• [EXERCISE OBJECTIVE]
In the records below, the lines between the one holding "Ford Bronco Put" and the one holding "2009-MACK GRANITE DUMP TRUCK", inclusive, are to be transcribed exactly; no pictures are to be included.

• [GIVEN INFORMATION]
____________________

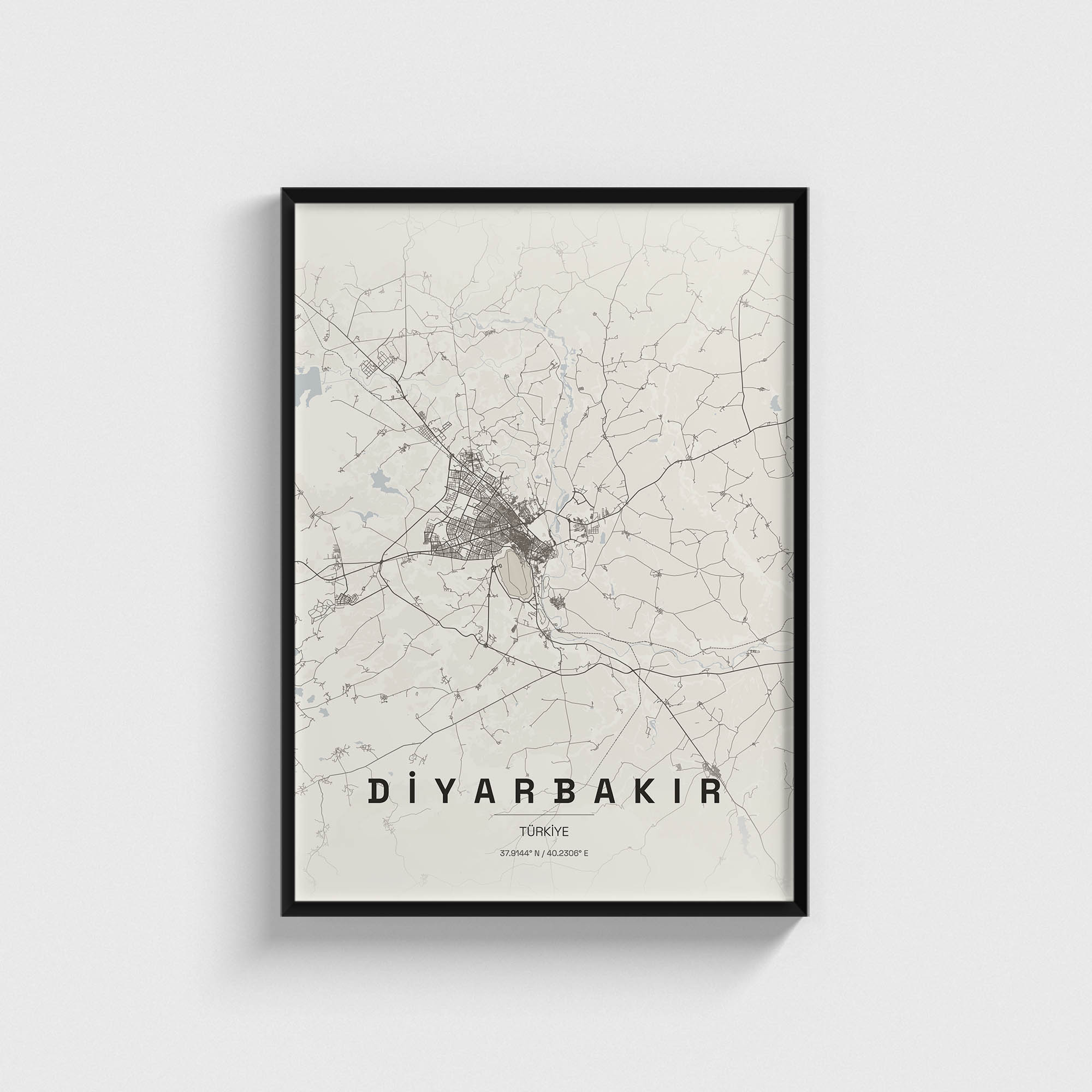 Diyarbakır şehir haritası baskılı, modern siyah çerçeveli dekoratif duvar tablosu.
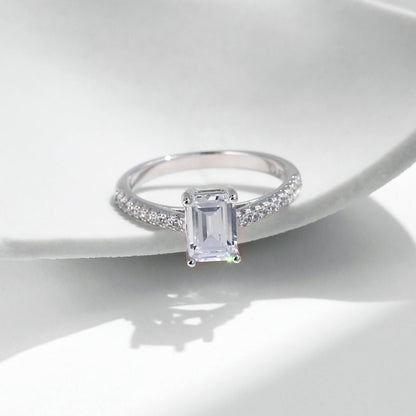 Heavenly Sparkle Ring - Diamoray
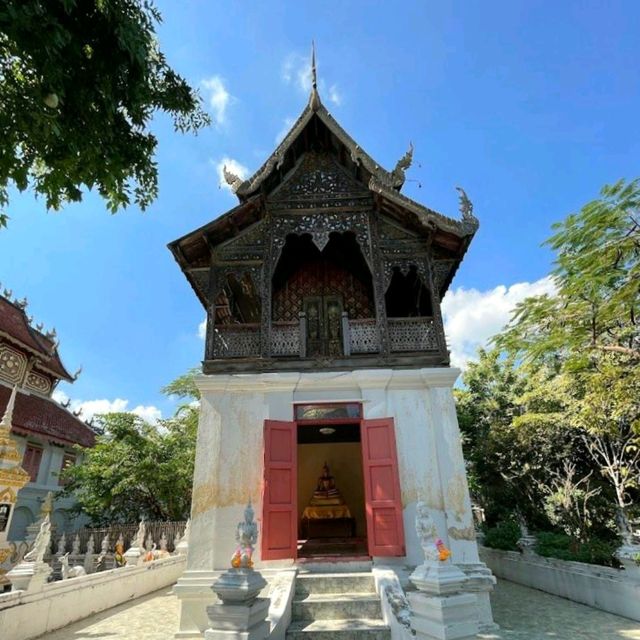 Wat Saen Fang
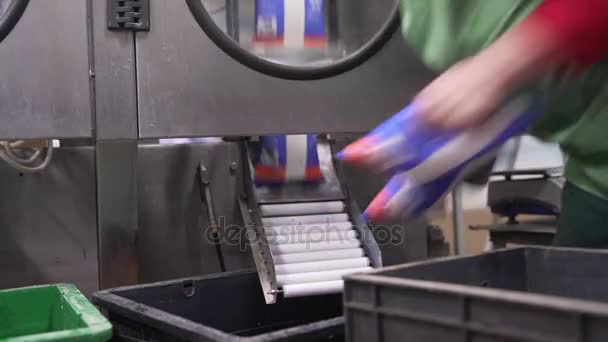 Produits laitiers emballés à la ligne automatique — Video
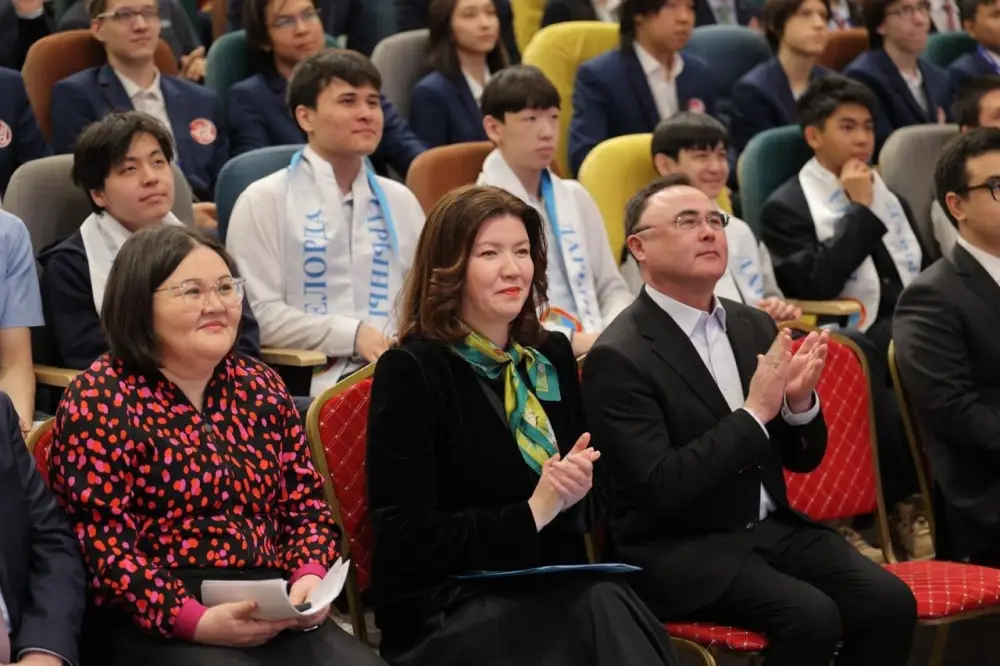 Министр просвещения Жулдыз Сулейменова наградила победителей республиканской олимпиады (4)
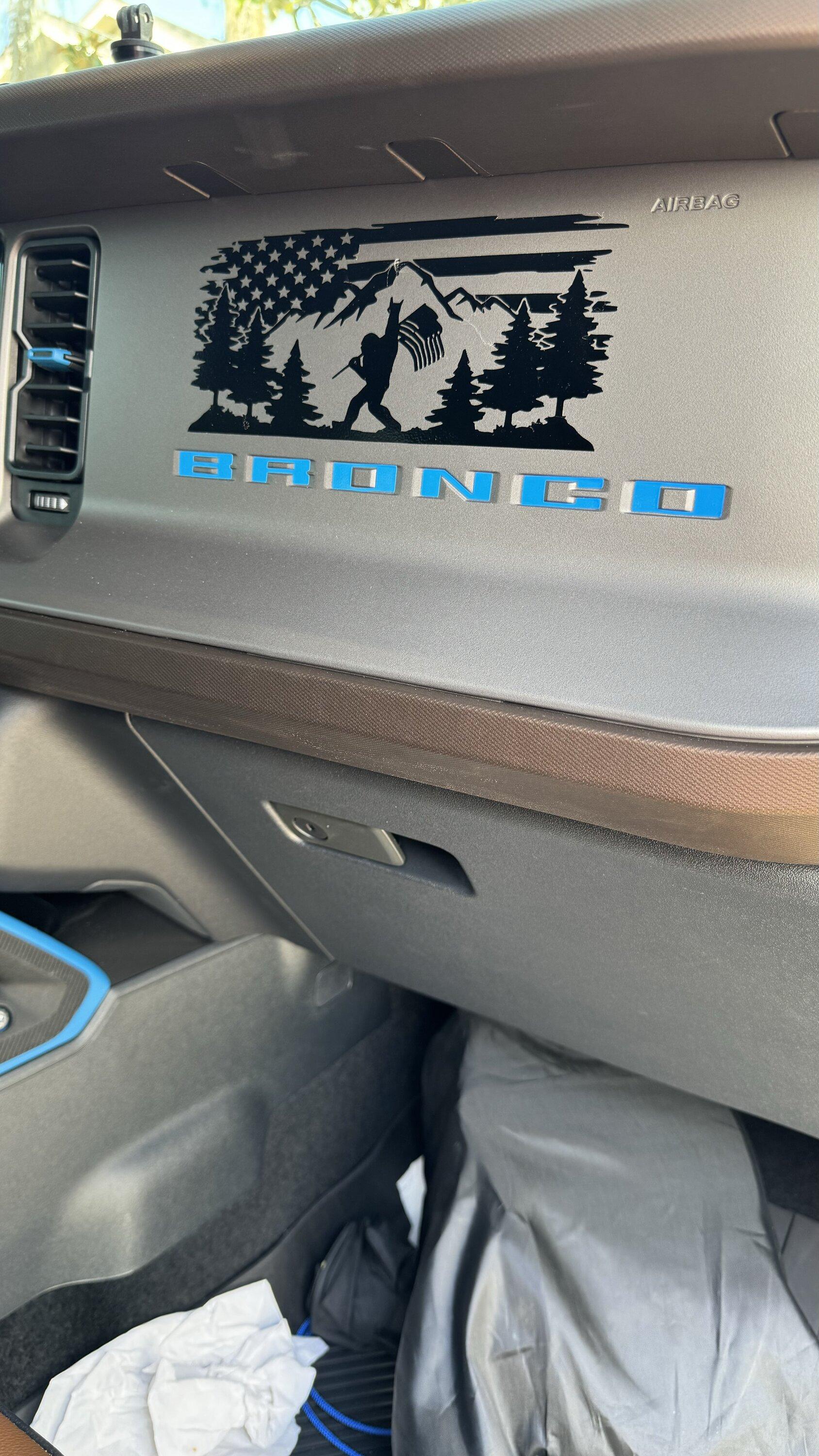 Ford Bronco Put any cool / unique vinyl decals on your Bronco?  Let's see them! IMG_2514
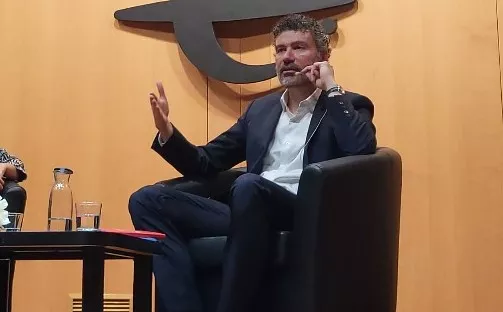 Víctor Lapuente en su conferencia en el Centro Cultural de Ibercaja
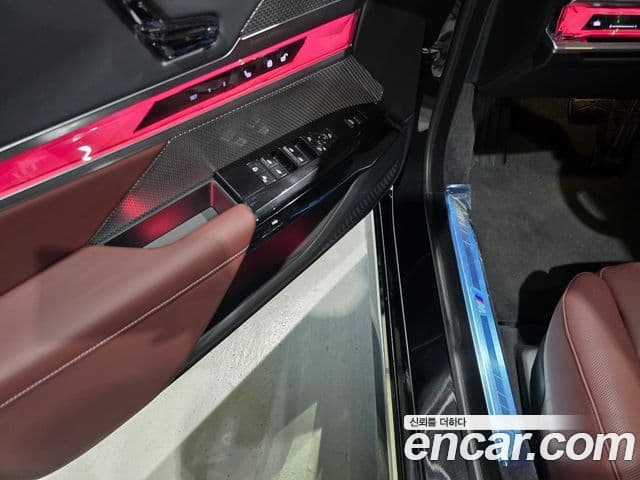 BMW 7 Series 2025 — Photo 13/19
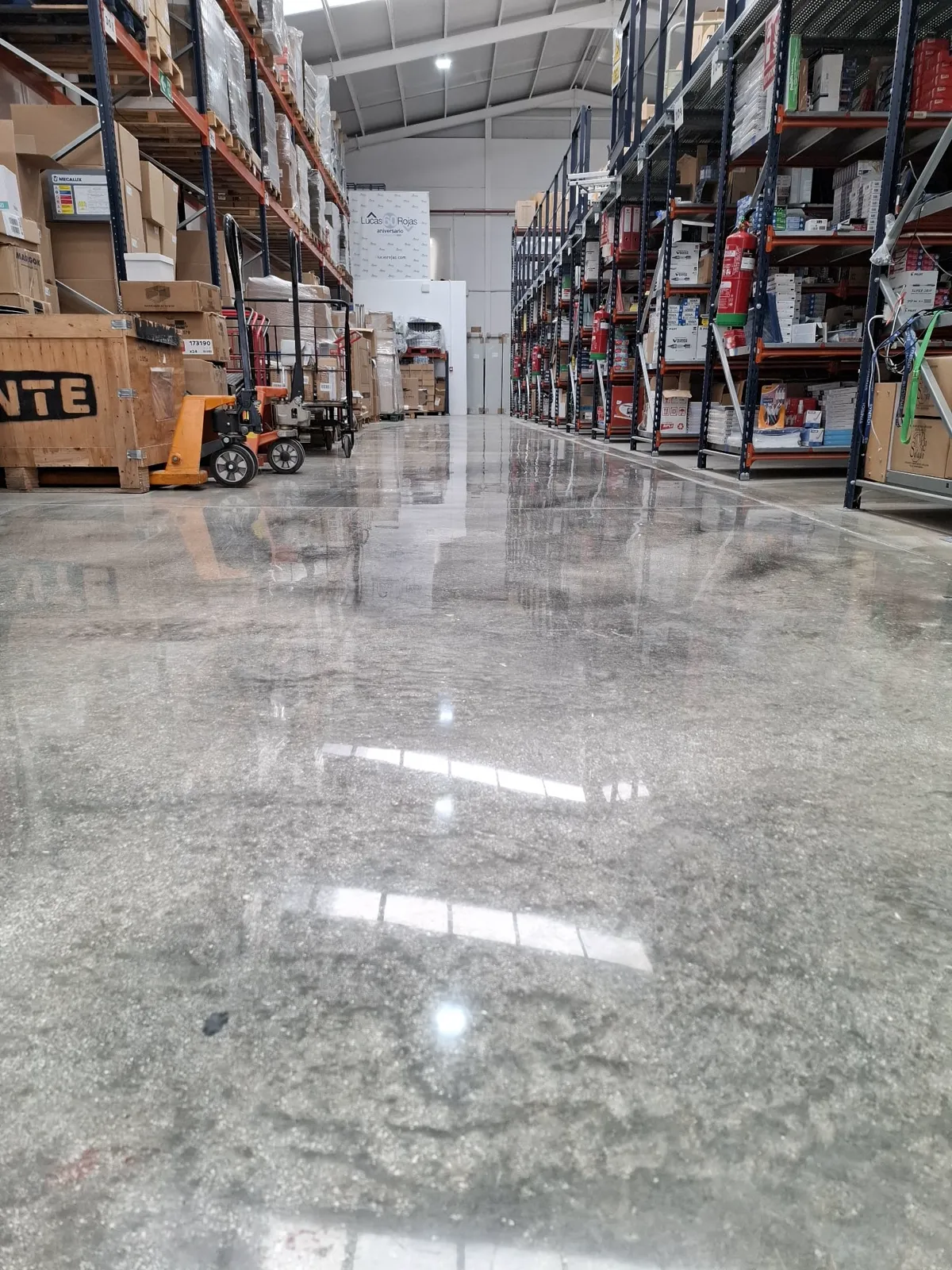 Nave de almacén con estanterías y el hormigón pulido brillante
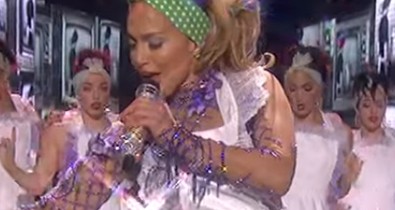 Jennifer Lopez a legszexibb háziasszony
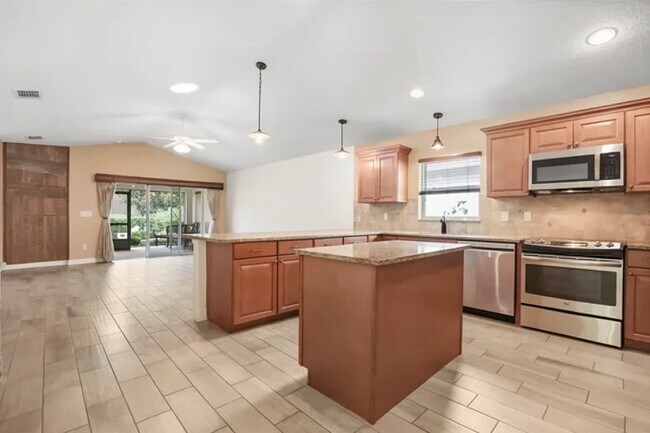 Building Photo - 30429 Island Club Dr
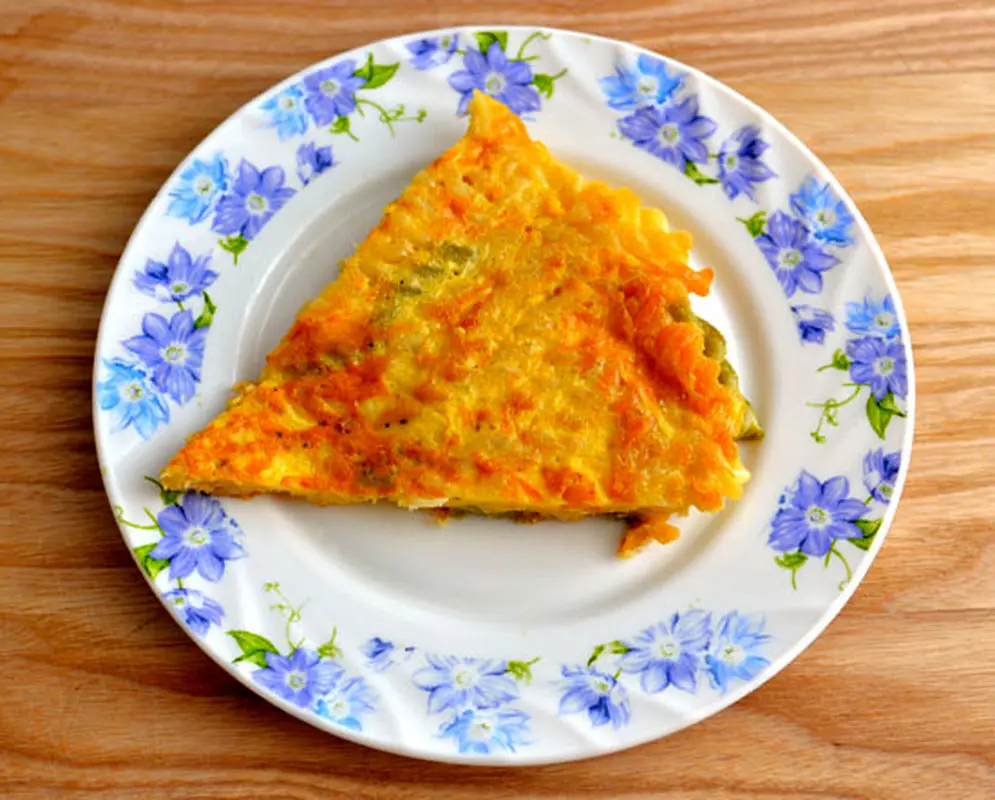 غذای محبوب بچه ها، املت ماکارونی را امتحان کنید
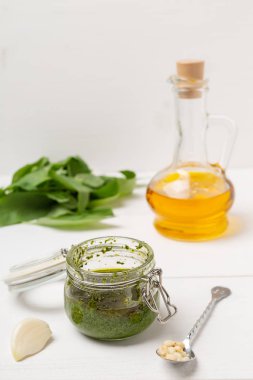 Masada fesleğen pesto soslu kavanoz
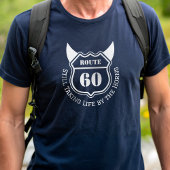 堅牢なカスタム誕生日交通標識 Tシャツ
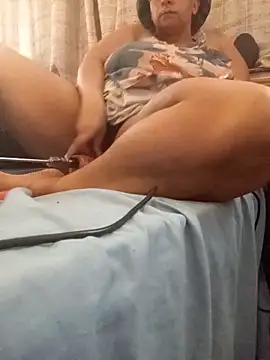 LaReineCleo online show from February 2026 06:54:01 AM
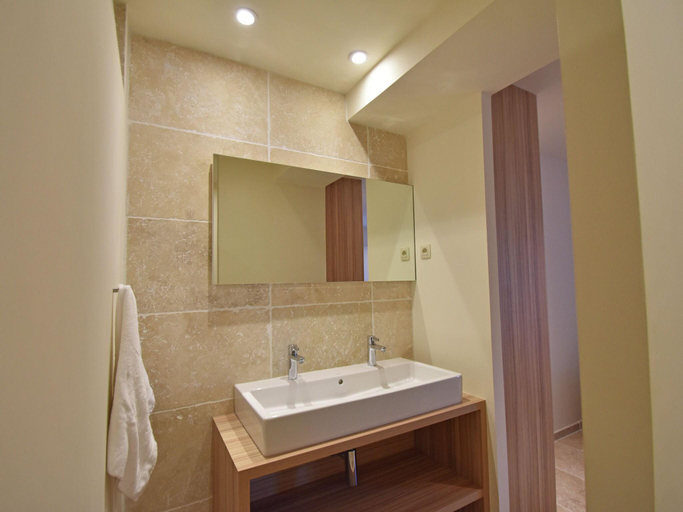 Bathroom, Cozy Escape in Villeseque, Aude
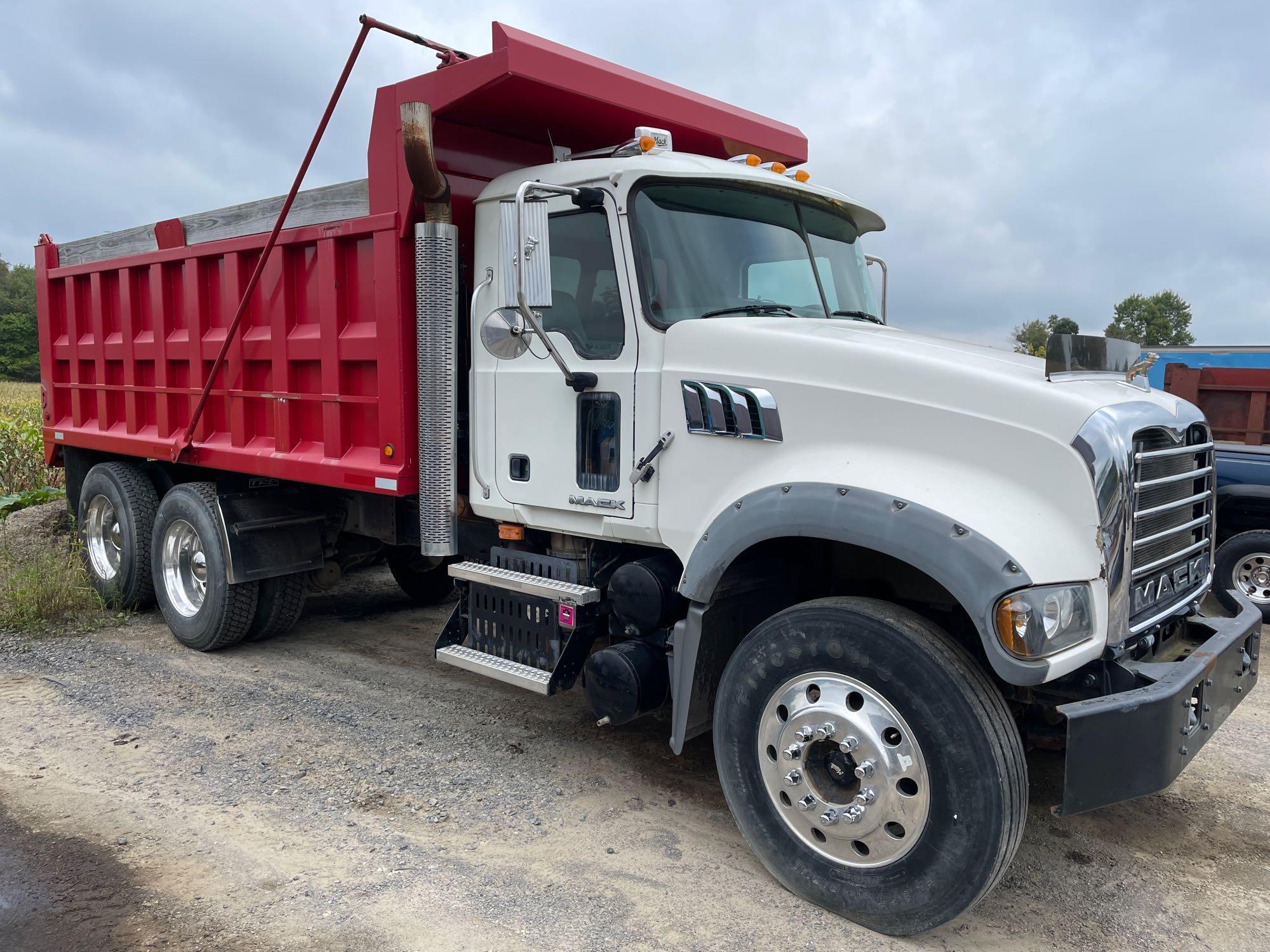 2009-MACK GRANITE DUMP TRUCK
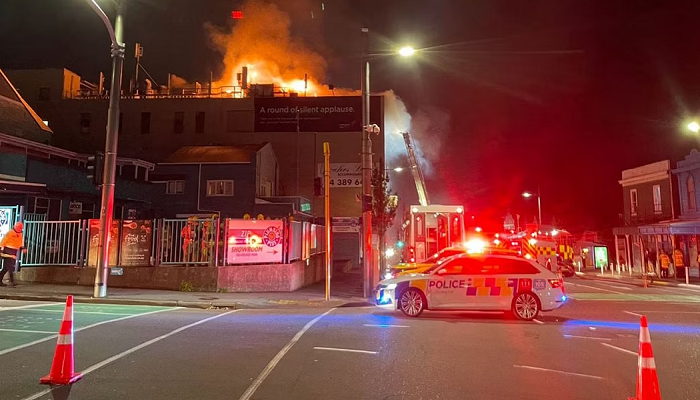 ستة قتلى على الأقلّ بحريق في نيوزيلندا
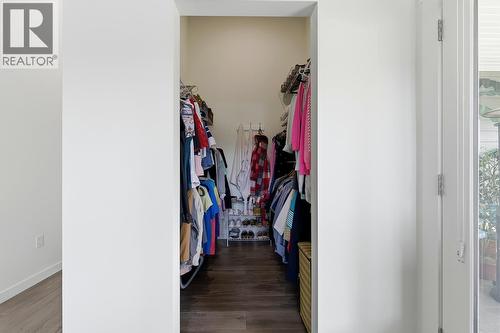 7145 Dunwaters Road, Kelowna, BC - Indoor Photo Showing Other Room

____________________

• [REPLY]
 Ford Bronco Put any cool / unique vinyl decals on your Bronco?  Let's see them! IMG_2514
 Víctor Lapuente en su conferencia en el Centro Cultural de Ibercaja
 BMW 7 Series 2025 — Photo 13/19
 Nave de almacén con estanterías y el hormigón pulido brillante
 Jennifer Lopez a legszexibb háziasszony
 Building Photo - 30429 Island Club Dr
 غذای محبوب بچه ها، املت ماکارونی را امتحان کنید
 Masada fesleğen pesto soslu kavanoz
 堅牢なカスタム誕生日交通標識 Tシャツ
 LaReineCleo online show from February 2026 06:54:01 AM
 Bathroom, Cozy Escape in Villeseque, Aude
 2009-MACK GRANITE DUMP TRUCK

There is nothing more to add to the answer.